Produire à la fois de la nourriture et de l’électricité renouvelable sur une même parcelle : telle est la promesse séduisante des promoteurs de « l’agrivoltaïsme ». Cette notion controversée se base sur l’idée qu’en faisant de l’ombre, ces panneaux métalliques permettraient de lutter contre la sécheresse, d’économiser l’eau ou encore de protéger les animaux. Ce concept a été inventé par Christian Dupraz, chercheur à l’INRAE, et Antoine Nogier, PDG de Sun’agri (Cf. ci-contre). Rachetée en 2022 par le groupe Eiffage, cette entreprise vend une technologie qui permet de piloter l’inclinaison de panneaux solaires à distance via un programme d’intelligence artificielle : le nec plus ultra ! En mars 2023, la loi d’accélération de la production d’énergies renouvelables (APER) définit pour la première fois cette notion floue : une installation « agrivoltaïque » doit « augmenter le potentiel agronomique, adapter au changement climatique, protéger contre les aléas et améliorer le bien-être animal ». Pourtant nous avons pu consulter deux rapports qui mettent en doute la réalité de ces prétendus services rendus à l’agriculture.

Court-jus dans les vergers de Sun’agri

En des termes alambiqués, la loi Aper demande aux projets « agrivoltaïques » « d’améliorer le potentiel et l’impact agronomique ». Or dans ce rapport interne de janvier 2023, Sun’agri alerte lui-même sur un ensemble de « risques associés à une diminution trop importante des rayonnements » à cause des panneaux. Ainsi, sur la première parcelle expérimentale installée en 2019, l’entreprise a piloté l’inclinaison des panneaux en leur faisant suivre la course du soleil en permanence. En trois ans, la croissance des troncs des pommiers a ralenti de 30 % en moyenne. Cette « forte diminution reflète que cette stratégie [de pilotage] n’est pas pérenne », admet cette étude interne. Car non seulement l’installation rend les arbres moins vigoureux, mais elle semble « augmenter la chute des jeunes fruits. » Oups... Et ce n’est pas tout ! Même quand Sun’agri pilote les panneaux de manière à réduire l’ombre, les feuilles des fruitiers en-dessous sont « plus grandes et plus fines, ce qui est associé à des risques de pertes d’eau par transpiration et de sensibilité aux ravageurs. »

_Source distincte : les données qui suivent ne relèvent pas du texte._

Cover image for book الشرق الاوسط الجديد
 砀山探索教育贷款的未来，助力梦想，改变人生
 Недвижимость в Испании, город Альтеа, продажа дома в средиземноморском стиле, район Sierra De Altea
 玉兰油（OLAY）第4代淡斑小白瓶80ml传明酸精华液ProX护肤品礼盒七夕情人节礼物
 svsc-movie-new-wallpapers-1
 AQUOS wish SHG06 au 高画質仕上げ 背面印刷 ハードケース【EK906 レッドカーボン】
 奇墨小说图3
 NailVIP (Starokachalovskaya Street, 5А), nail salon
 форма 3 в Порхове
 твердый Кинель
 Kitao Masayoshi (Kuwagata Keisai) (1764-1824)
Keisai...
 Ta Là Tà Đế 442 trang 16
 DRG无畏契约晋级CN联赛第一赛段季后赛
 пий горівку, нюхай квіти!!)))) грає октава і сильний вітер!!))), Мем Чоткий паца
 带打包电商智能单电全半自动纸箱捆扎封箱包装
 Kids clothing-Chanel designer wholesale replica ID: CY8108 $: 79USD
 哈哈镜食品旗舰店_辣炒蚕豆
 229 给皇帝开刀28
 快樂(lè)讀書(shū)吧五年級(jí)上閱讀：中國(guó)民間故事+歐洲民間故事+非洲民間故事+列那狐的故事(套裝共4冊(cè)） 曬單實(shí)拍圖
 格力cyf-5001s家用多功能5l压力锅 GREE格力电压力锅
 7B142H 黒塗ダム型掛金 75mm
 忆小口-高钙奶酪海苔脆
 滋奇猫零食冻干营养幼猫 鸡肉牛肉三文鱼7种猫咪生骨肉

Pire encore, l’entreprise constate que ces installations n’améliorent même pas le rendement ! En moyenne, elles vont au mieux le maintenir et souvent le baisser. Ainsi, entre 2019 et 2022, les pommiers ont produit en moyenne 28 tonnes par hectare et par an contre 40 tonnes sur la zone témoin, soit une baisse de rendement de 30 % ! Idem pour les cerisiers dont le rendement a stagné tandis que celui des nectariniers a diminué de 21 % par rapport aux témoins.

La loi est si bien faite qu’elle autorise un moindre rendement s’il est alors compensé par une « amélioration qualitative » des fruits cultivés sous des panneaux. Malheureusement les faits sont tenaces, les fruitiers tirent la tronche. Les ingénieurs de l’entreprise ont en effet constaté que « la qualité des fruits reste inférieure aux fruits témoins ». Les arbres captent moins de carbone, ce qui fait baisser la concentration en sucres des fruits de 20 % en moyenne sur les trois premières années. Les pommes sont moins sucrées et contiennent une plus grande proportion d’eau. Les cerises et les pommes sont également moins colorées. Et le poids des nectarines subit une baisse de 9 et 14 %. Enfin, tandis que les panneaux ont diminué les coups de soleil sur les fruits ainsi que les attaques de chenilles foreuses, en revanche, « les dégâts de bitter, de punaises et ceux dus aux traces de doigts lors de la récolte sont à surveiller car favorisés sous agrivoltaïsme », alerte le rapport. Ce dernier précise aussi que « les dégâts d’oiseaux et de punaises ne sont pas observés sur la modalité témoin »…

Sun’agri patine sous les panneaux

Voyons si les ingénieurs vont réussir à démontrer que leur technologie permet de cocher les cases de la « protection contre les aléas » et de « l’adaptation au changement climatique ». Car un épisode de gel au printemps peut détruire les fleurs, et ainsi mettre à mal la production d’un fruitier. Mais « si on regarde l’effet des panneaux photovoltaïques sur la température de l’air, on observe très peu d’effets », admet Sun’agri, dommage ! Sur les nectarines, les panneaux n’ont pas évité la nécessité d’avoir recours à des bougies et ont un effet minime par rapport à celles-ci : les panneaux ont réchauffé l’air de 0,3°C contre 2°C avec les bougies.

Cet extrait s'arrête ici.